(Items from a dataset)
= = = = =
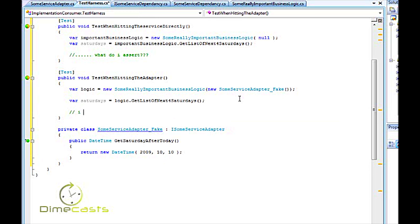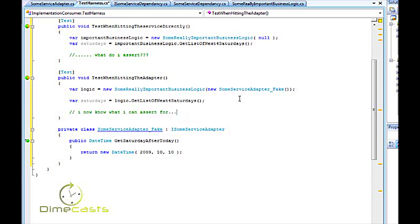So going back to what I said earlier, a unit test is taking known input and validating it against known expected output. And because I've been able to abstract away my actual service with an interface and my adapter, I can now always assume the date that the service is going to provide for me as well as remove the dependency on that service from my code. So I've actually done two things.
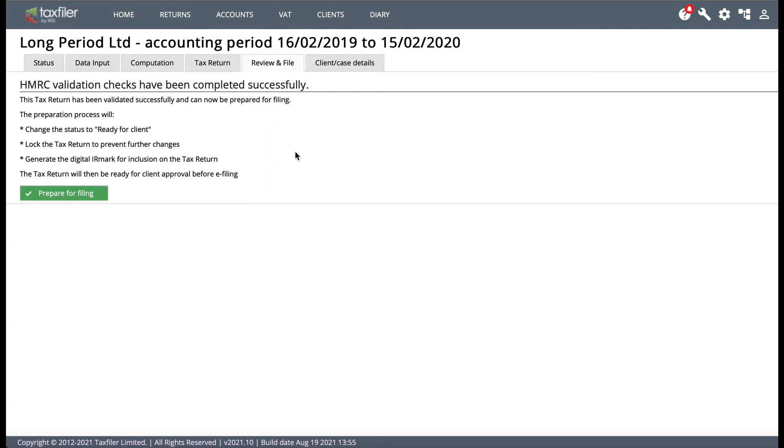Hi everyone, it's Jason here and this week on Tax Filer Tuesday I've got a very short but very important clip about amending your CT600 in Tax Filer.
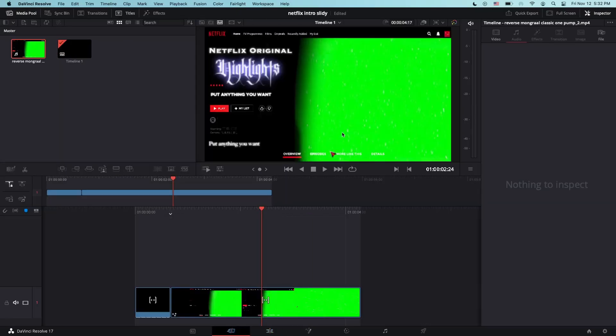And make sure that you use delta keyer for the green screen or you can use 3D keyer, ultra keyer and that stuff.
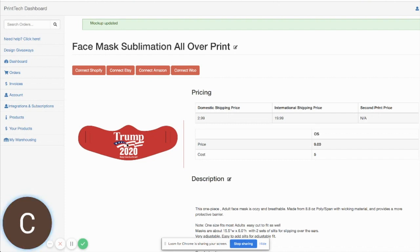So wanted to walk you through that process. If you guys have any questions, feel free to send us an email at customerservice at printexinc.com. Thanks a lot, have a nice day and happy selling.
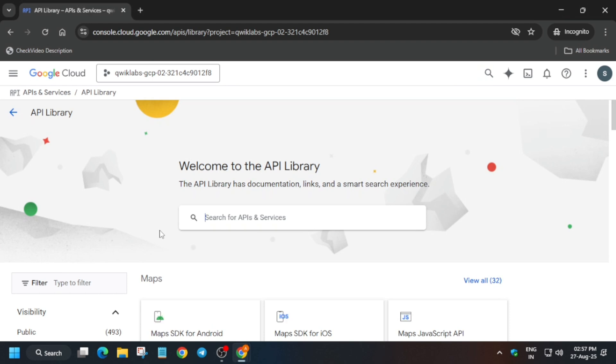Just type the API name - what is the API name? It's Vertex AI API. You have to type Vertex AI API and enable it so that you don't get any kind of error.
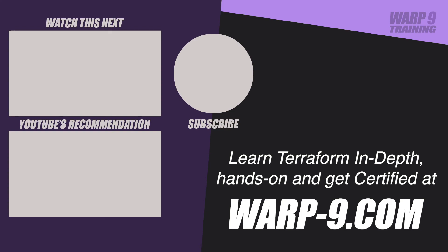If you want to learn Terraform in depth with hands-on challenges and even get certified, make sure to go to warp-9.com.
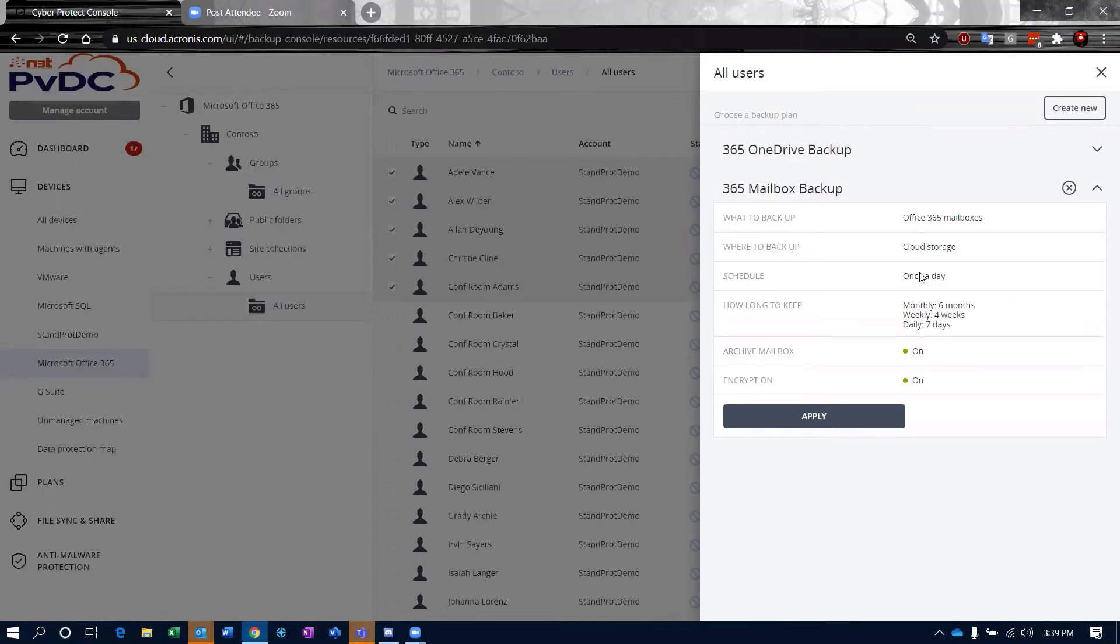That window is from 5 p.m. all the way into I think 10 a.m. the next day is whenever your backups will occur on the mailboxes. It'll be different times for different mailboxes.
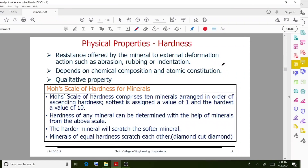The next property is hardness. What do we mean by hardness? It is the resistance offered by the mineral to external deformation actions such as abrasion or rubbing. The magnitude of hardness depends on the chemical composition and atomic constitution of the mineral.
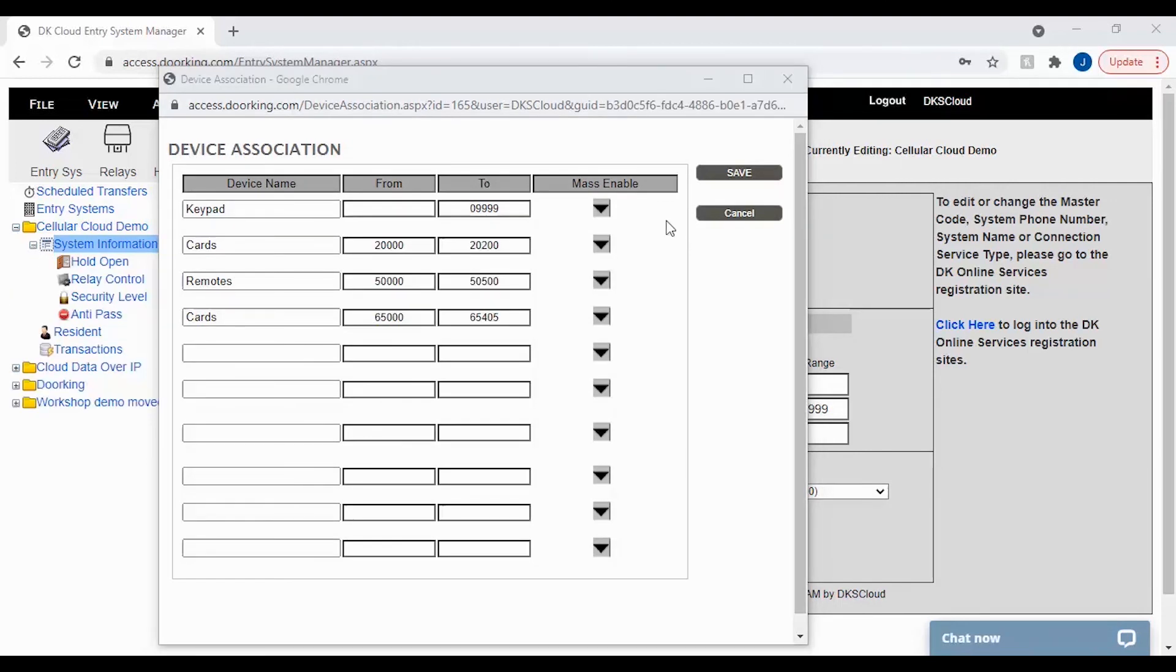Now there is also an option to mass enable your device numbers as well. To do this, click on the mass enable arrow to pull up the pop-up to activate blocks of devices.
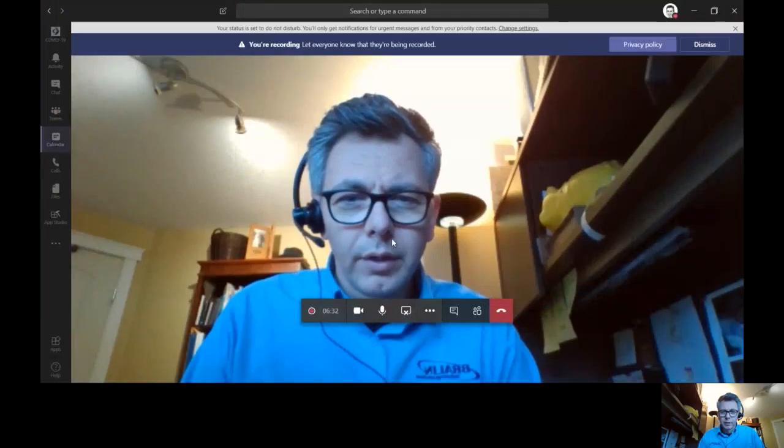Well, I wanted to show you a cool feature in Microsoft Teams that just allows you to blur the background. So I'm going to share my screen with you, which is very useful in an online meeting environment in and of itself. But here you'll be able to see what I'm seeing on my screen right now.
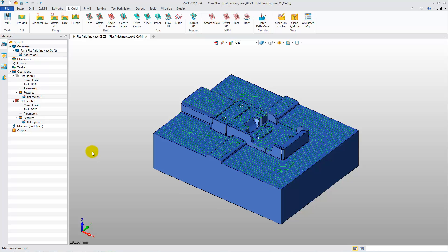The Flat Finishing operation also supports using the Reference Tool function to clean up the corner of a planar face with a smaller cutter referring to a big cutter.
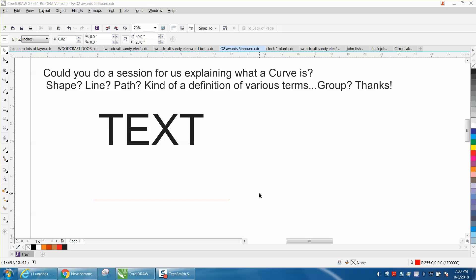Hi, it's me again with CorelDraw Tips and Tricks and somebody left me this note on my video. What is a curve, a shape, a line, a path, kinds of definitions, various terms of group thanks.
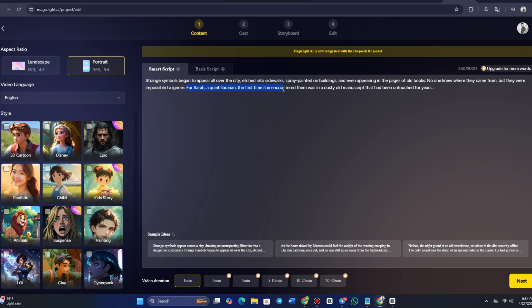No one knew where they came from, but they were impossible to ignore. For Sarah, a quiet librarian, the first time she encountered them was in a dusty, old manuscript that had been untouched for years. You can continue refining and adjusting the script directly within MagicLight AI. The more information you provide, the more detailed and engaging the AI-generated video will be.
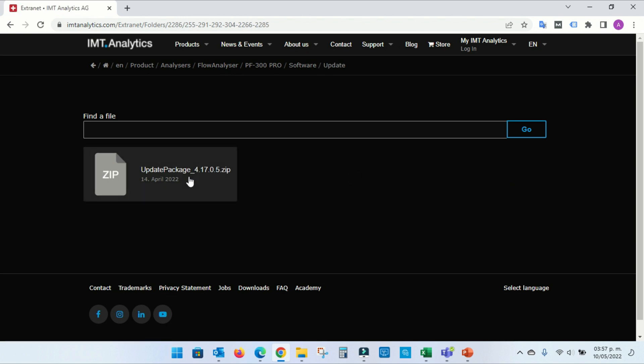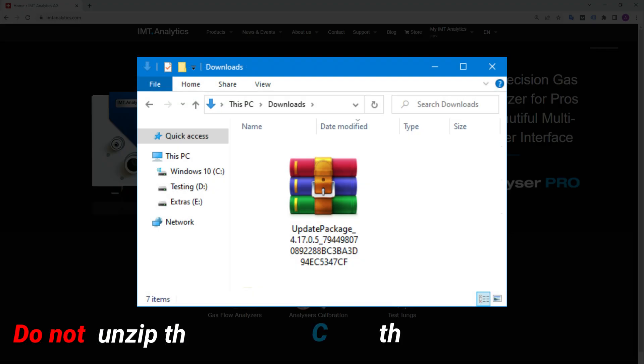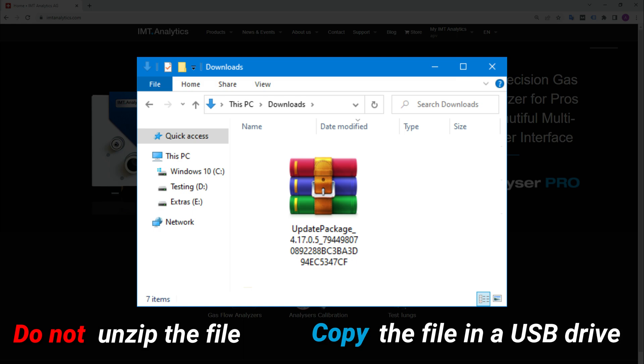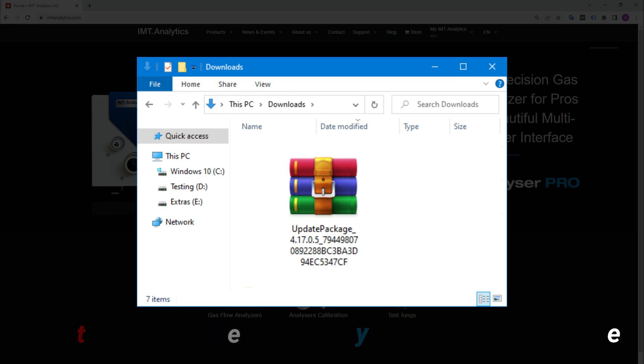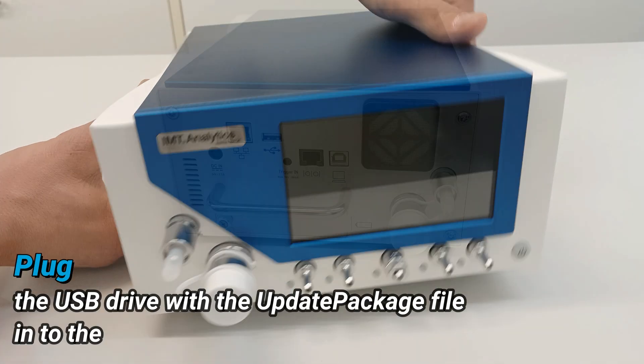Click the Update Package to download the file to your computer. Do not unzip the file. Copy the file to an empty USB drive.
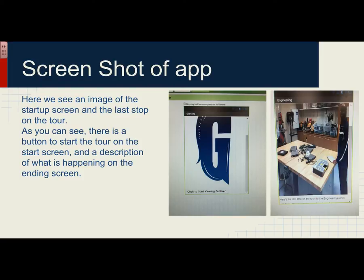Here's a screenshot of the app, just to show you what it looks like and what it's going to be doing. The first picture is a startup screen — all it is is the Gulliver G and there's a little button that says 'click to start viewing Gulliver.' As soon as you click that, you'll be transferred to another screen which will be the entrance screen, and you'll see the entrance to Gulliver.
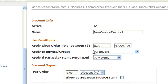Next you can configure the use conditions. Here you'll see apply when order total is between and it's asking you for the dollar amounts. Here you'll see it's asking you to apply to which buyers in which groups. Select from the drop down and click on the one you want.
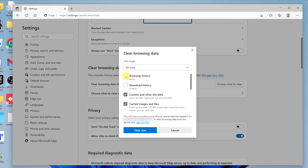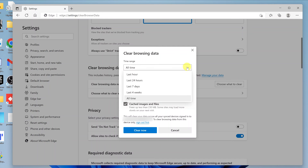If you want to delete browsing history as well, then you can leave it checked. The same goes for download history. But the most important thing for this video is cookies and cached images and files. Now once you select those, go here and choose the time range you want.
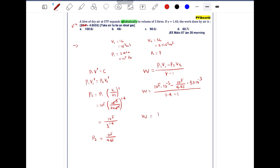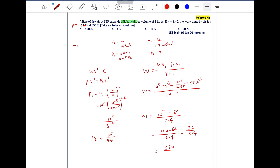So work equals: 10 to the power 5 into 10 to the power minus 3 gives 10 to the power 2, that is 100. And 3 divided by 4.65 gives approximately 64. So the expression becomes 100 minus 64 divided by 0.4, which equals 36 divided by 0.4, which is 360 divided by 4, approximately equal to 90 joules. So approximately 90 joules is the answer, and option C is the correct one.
= = = = =
Extract the part of the records that opens with the line containing "Just type the" and closes with the line containing "Hi, it's me". Take only those lines, exactly, and no pictures.

Just type the API name - what is the API name? It's Vertex AI API. You have to type Vertex AI API and enable it so that you don't get any kind of error.
If you want to learn Terraform in depth with hands-on challenges and even get certified, make sure to go to warp-9.com.
That window is from 5 p.m. all the way into I think 10 a.m. the next day is whenever your backups will occur on the mailboxes. It'll be different times for different mailboxes.
The next property is hardness. What do we mean by hardness? It is the resistance offered by the mineral to external deformation actions such as abrasion or rubbing. The magnitude of hardness depends on the chemical composition and atomic constitution of the mineral.
Now there is also an option to mass enable your device numbers as well. To do this, click on the mass enable arrow to pull up the pop-up to activate blocks of devices.
Well, I wanted to show you a cool feature in Microsoft Teams that just allows you to blur the background. So I'm going to share my screen with you, which is very useful in an online meeting environment in and of itself. But here you'll be able to see what I'm seeing on my screen right now.
The Flat Finishing operation also supports using the Reference Tool function to clean up the corner of a planar face with a smaller cutter referring to a big cutter.
Hi, it's me again with CorelDraw Tips and Tricks and somebody left me this note on my video. What is a curve, a shape, a line, a path, kinds of definitions, various terms of group thanks.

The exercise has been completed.